The question that I had set out to answer was, “Why do we have adolescence in our society through puberty and beyond?” In brief, the answer is that over the years society has required more and more time to break people in for robot-like roles, and therefore there is a delay in the period when the kinds of things associated with adolescence take place – the kinds of phenomena discussed in the last chapter, having to do with the transition from a state of dependence to a state of independence. A science post-doc goes through a period of adolescence at age thirty. Most people in our society go through their major adolescence in their late teens (rather than between one and four, when it would be normal), but they go through it again whenever they make a transition from a state of total dependence to a state of semi-independence, with all the attendant break-downs and rebellions and resentments. I think that in the kind of society that I have been advocating there won’t be the phenomenon of teenage adolescence at all. Rather, all there will be is the kind of adolescence that I talked about earlier, between ages one and four, where the really significant life changes take place on the road to personal independence. But this can only happen in a society which has no need for the kind of robot-like training that now takes place.

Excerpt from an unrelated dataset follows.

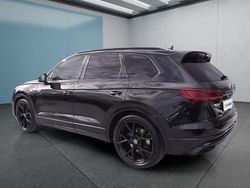 Schwarz Gebraucht 2023 VW Touareg R SUV | 69.349 € (Fairer Preis)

I want to say a few final words about the role of a person age four and up in the family. I’ve assumed that a child up to age four is the object of care and attention, as is due to a developing member of the family. It seems to me fairly obvious that once children have reached the age of four or five they become adults to all intents and purposes and can take a full role in the family, a full share of the family responsibilities. Now what their share will be depends on any given family, but they have every right and expectation to be treated just like everybody else. That means, on the one hand, they have got to carry their weight and find ways to contribute to doing the family chores, and on the other hand they have got to be given all the consideration that all the other members of the family are given in serious decision making. The part about carrying their weight is not really very difficult to conceive, because in rural families and in other cultures this takes place all the time. It is fairly common that youths age five or six draw the water and feed the animals and milk the cows. There is absolutely no reason why they can’t do normal things about the house; it doesn’t mean they have to be able to do everything. It doesn’t mean they have to be able to cook, for example, – after all, in most families not all the adults can cook. Nobody says that all members of a family have to be interchangeable parts. But it is clear to me that once children have reached the age of judgment, there has to be some way for them to carry their weight. The other side of that coin is something that is harder to conceive in our society – namely, that the same child has to have a full voice in the decision making in the family. That is extremely difficult to carry out in our male-dominated patriarchal society where usually the only person who really makes decisions in the family is the father, and ninety-nine times out of a hundred he doesn’t even consider the opinion of his wife, let alone his children. Even in families where both spouses share decision making, it is very rare to find the children consulted on major decisions. I find this state of affairs to be a complete anachronism and I do not see how it can maintain itself much longer.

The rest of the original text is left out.